### TASK GOAL
Look through the listing below for the word "Thanks" and copy every line where it occurs.

----- TASK INPUT -----

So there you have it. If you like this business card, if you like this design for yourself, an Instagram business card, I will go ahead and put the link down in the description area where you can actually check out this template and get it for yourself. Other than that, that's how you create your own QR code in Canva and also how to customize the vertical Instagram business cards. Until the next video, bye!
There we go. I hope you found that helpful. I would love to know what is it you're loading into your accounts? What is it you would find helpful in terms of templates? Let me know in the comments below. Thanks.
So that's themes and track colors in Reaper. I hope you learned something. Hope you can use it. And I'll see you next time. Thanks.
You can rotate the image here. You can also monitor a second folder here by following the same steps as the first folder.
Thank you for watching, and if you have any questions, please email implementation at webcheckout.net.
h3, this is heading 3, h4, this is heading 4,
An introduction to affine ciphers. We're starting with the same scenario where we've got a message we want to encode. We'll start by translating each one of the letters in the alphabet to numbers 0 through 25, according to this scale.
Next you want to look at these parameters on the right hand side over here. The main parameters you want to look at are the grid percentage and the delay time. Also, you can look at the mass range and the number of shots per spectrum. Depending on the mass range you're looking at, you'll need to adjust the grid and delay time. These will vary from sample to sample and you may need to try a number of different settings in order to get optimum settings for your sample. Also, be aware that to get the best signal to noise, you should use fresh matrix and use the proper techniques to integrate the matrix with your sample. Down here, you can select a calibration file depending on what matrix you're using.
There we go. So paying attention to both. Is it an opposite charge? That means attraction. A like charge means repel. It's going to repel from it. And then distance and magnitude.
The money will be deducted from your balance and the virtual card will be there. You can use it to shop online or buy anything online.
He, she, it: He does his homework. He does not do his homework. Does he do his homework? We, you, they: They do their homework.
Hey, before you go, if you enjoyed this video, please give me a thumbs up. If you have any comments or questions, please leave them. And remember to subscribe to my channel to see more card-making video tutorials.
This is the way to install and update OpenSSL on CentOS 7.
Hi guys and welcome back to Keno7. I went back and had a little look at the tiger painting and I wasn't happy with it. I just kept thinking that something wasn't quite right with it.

-----

### PROBLEM SOLUTION
There we go. I hope you found that helpful. I would love to know what is it you're loading into your accounts? What is it you would find helpful in terms of templates? Let me know in the comments below. Thanks.
So that's themes and track colors in Reaper. I hope you learned something. Hope you can use it. And I'll see you next time. Thanks.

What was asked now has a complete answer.